An innovative oxyhydrogen (HHO) burner system including one or more burner systems is provided to eliminate emissions through total combustion. Each burner system includes at least one HHO gas supply and an external natural gas supply, both of which are connected to a gas mixer. A controller regulates the amounts of incoming HHO gas and the natural gas through being mixed. The mixed gas is supplied to each burner assembly with a predetermined pressure and flowrate to generate a flame for the total combustion of the exhaust stream inside the exhaust pipe. With feedback from an exhaust measuring system inside the exhaust pipe adjacent the outlet, the controller can adjust the burner system for optimal operations and achieve total combustion. Thus, by passing the exhaust or gases through a substantial cross-section covered by each flame, emissions can be greatly reduced or eliminated.

Description

The current application claims a priority to the U.S. Provisional Patent application Ser. No. 62/928,489 filed on Oct. 31, 2019.
FIELD OF THE INVENTION
The present invention relates generally to emissions control equipment. More specifically, the present invention relates to an oxyhydrogen and natural gas burner system that can efficiently and conveniently be attached to new and existing exhaust stack and equipment to reduce or eliminate harmful emissions through total combustion.
BACKGROUND OF THE INVENTION
Devices for reducing or eliminating dangerous emissions from emission-generating systems are in high demand. Heavy oil extracted using existing techniques is known to produce significant emissions including CO2, SOx, NOx, and particulate matter, etc. The use of natural gas, which produces lower levels of CO2, NOx, and SOx emissions per unit of energy than any other fossil fuel except pure hydrogen, does not require expensive boilers, or reduction equipment for NOx reduction, flue gas desulfurization, and/or particulate matter emissions. Although natural gas is a highly effective fuel source, it is also, in many instances, a nonideal and expensive method for simply raising heat. The use of alternative “dirty” fuels requires use of emission reduction equipment such as selective catalytic reduction and selective noncatalytic reduction of NOx, flue gas desulfurization to remove SOx, and electrostatic precipitation or filtration of particulate matter.

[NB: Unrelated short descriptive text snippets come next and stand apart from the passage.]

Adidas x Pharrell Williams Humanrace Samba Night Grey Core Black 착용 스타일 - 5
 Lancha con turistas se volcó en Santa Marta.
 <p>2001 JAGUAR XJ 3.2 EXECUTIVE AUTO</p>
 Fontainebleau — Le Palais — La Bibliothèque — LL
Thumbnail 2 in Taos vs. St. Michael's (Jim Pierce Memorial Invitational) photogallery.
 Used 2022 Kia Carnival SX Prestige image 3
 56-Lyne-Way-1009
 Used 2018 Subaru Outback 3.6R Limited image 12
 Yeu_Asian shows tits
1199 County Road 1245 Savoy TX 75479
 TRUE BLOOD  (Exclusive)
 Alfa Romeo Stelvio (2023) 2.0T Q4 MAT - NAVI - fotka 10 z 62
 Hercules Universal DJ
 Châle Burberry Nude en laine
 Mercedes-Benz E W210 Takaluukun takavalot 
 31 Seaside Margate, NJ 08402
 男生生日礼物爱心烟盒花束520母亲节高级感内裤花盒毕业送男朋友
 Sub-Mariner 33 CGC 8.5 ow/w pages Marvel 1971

Many types of combustion equipment, including conventional steam generators and boilers, inherently produce substantial amounts of combustion or “stack gases” owing to the nature of the combustion process employed. Thus, the products of the combustion cannot be prevented from entering the atmosphere when using these types of combustion equipment. The highly undesirable environmental impact of any such large-scale combustion has limited the use of surface steam generation by boilers in many areas where atmospheric pollution has reached critical levels.
Conventional surface steam generators, particularly when fired using low-cost fuels, emit substantial amounts of objectionable combustion gases. Such side effect limits the use of fuels such as residual oil, leased crude oil, and other carbonaceous fuels.
Furthermore, much currently available combustion equipment requires that the combustion process be essentially “clean.”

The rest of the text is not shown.